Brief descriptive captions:
++++++++
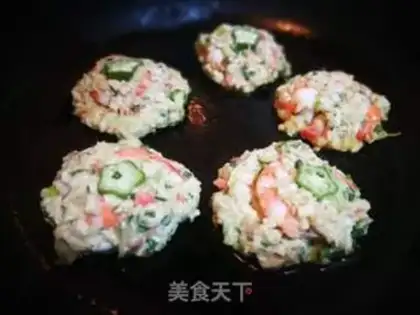 Make Shrimp tofu vegetable pancakes step 13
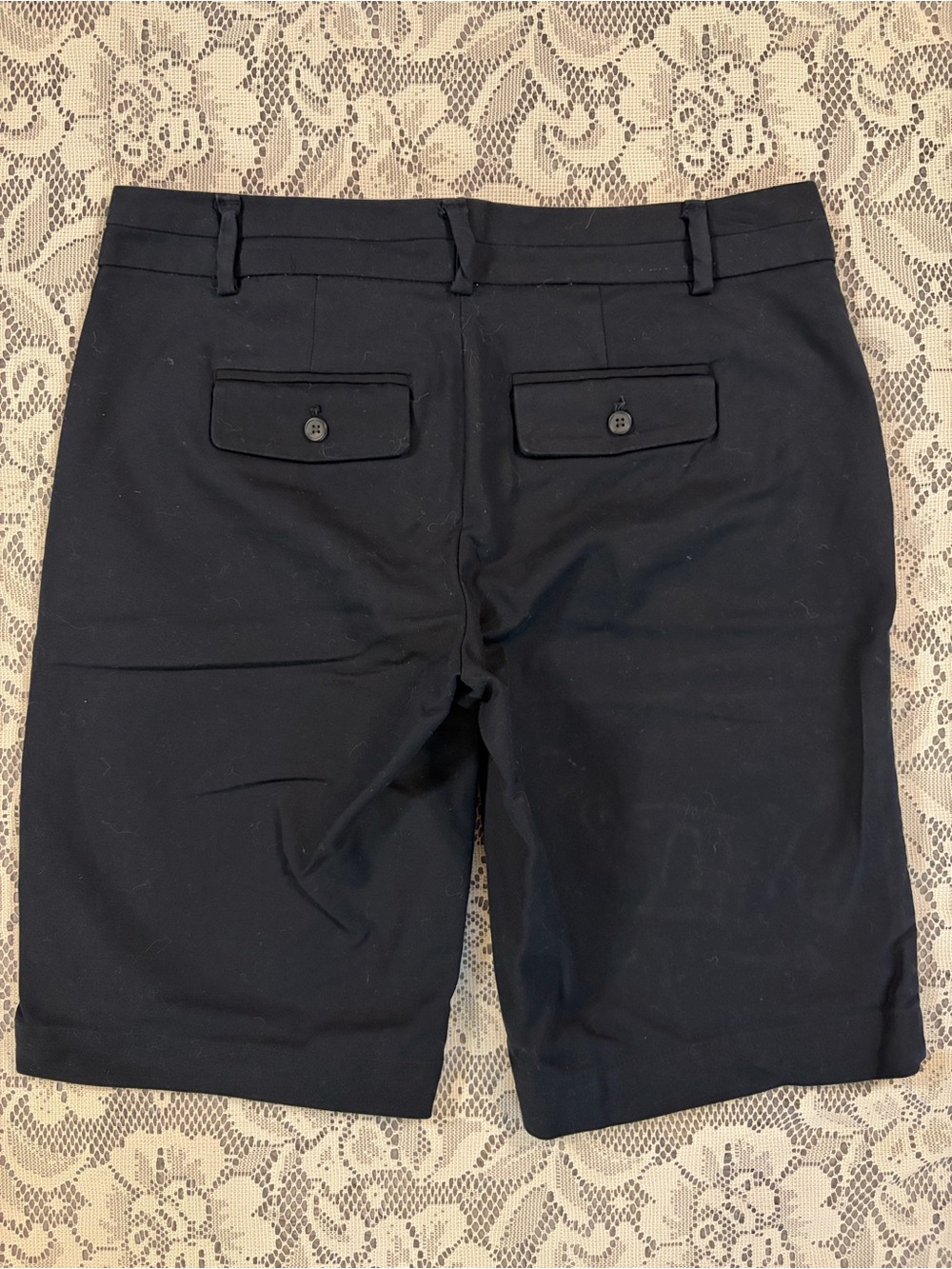 Banana Republic Striped Seersucker Bermuda Shorts & Navy Bermuda Shorts - Picture 8 of 16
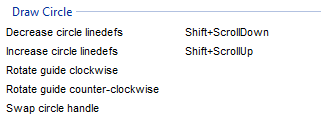 shortcut list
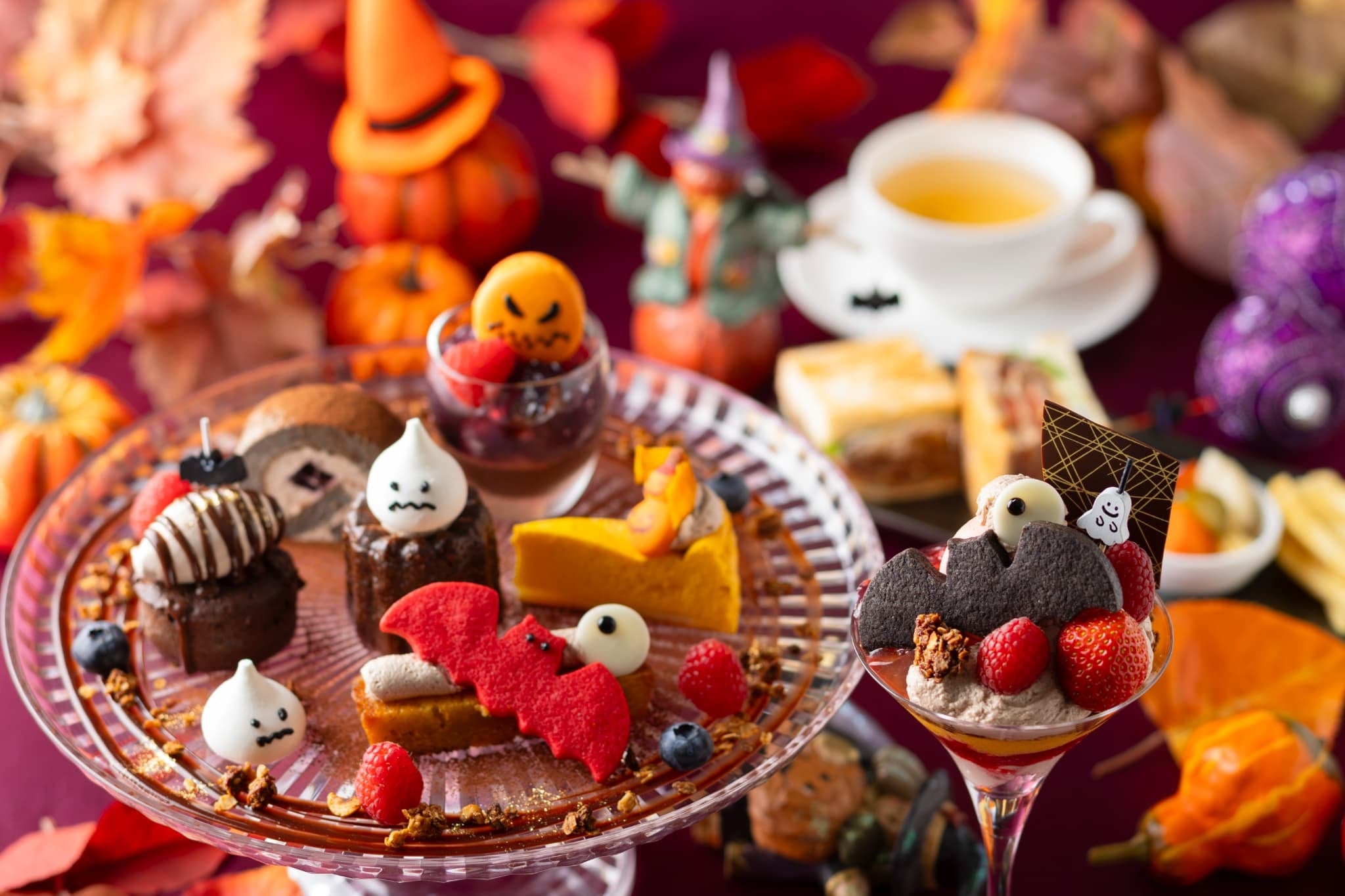 【ニューオータニイン札幌】2日間限定！ハロウィンだけの特別なティータイム。ホテルで楽しむ「ハロウィンアフタヌーンティーセット」を販売
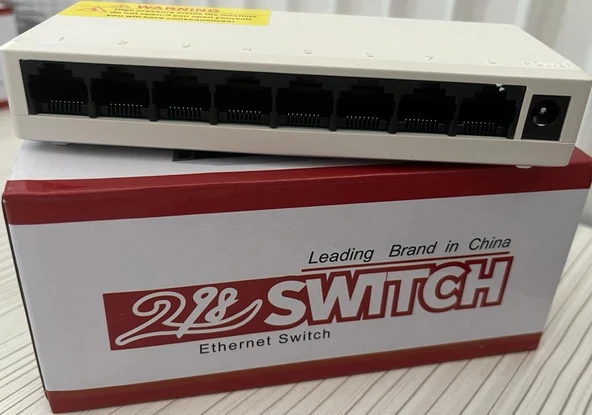 ROSE 8 PORT ETERNET SWITCH 10/100 MBPS SR-810 - Resim 1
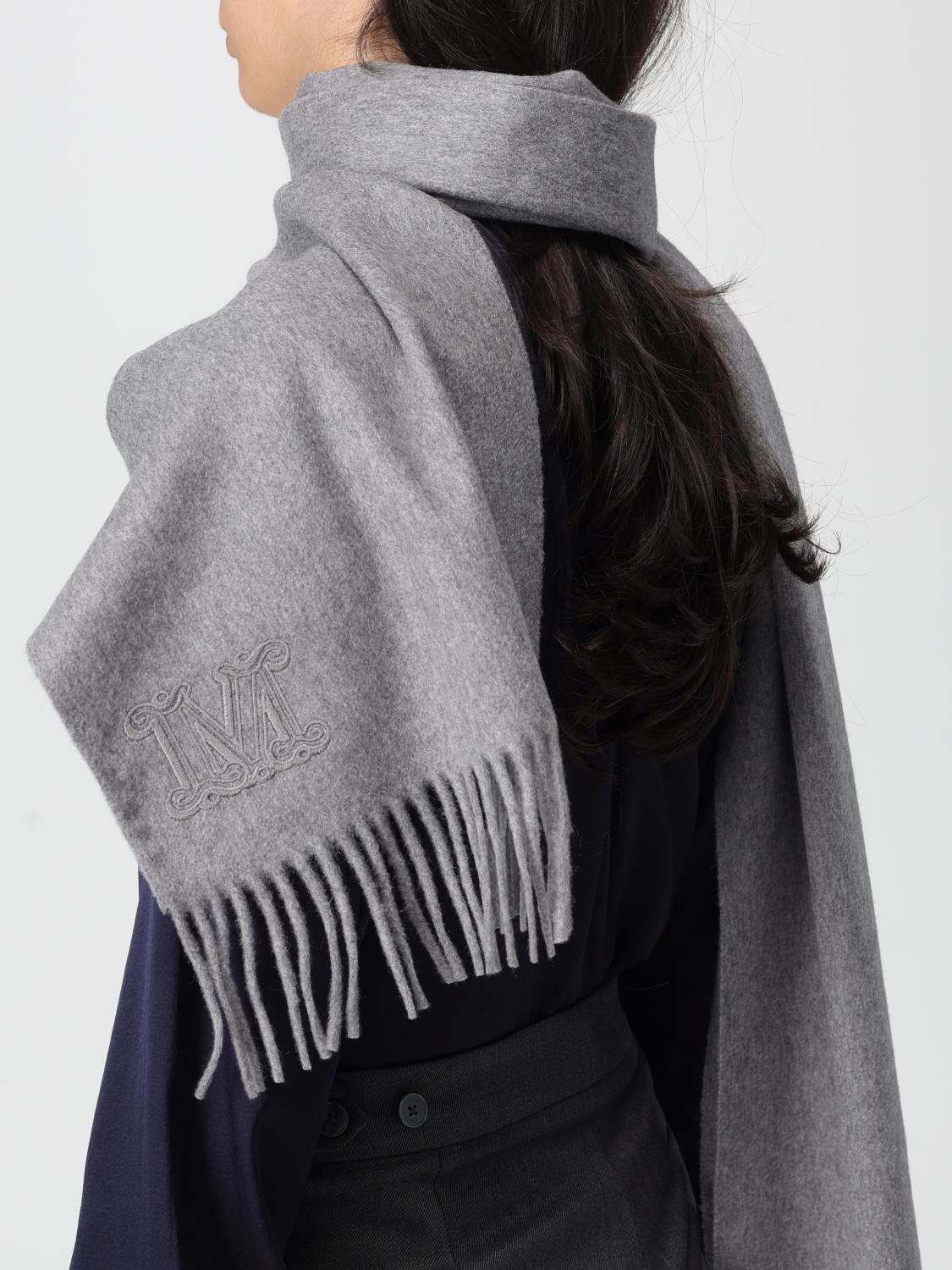 MAX MARA SCIARPA: Sciarpa Max Mara in cashmere , Grigio - Img 4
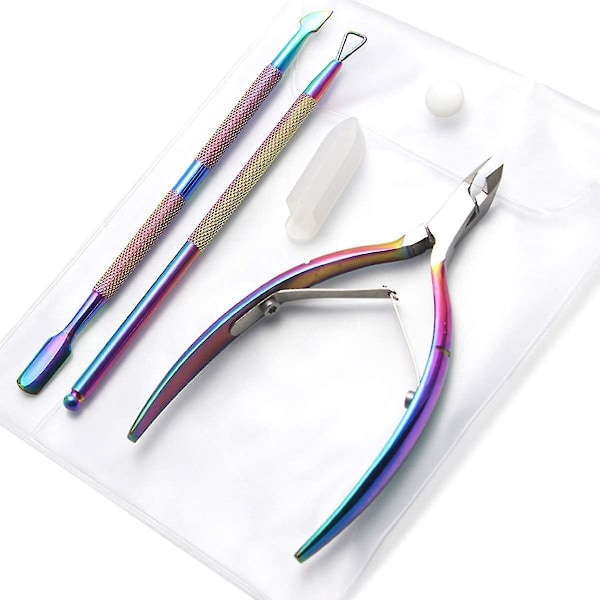 Nagelbandstång Nagelbandspusher borttagare Nagelbandspusher borttagare set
++++++++
# What the task asks
Lines from the one containing "Banana Republic Striped" through the final line of the entries above are to be retyped exactly, with every picture left out.

# Response area
 Banana Republic Striped Seersucker Bermuda Shorts & Navy Bermuda Shorts - Picture 8 of 16
 shortcut list
 【ニューオータニイン札幌】2日間限定！ハロウィンだけの特別なティータイム。ホテルで楽しむ「ハロウィンアフタヌーンティーセット」を販売
 ROSE 8 PORT ETERNET SWITCH 10/100 MBPS SR-810 - Resim 1
 MAX MARA SCIARPA: Sciarpa Max Mara in cashmere , Grigio - Img 4
 Nagelbandstång Nagelbandspusher borttagare Nagelbandspusher borttagare set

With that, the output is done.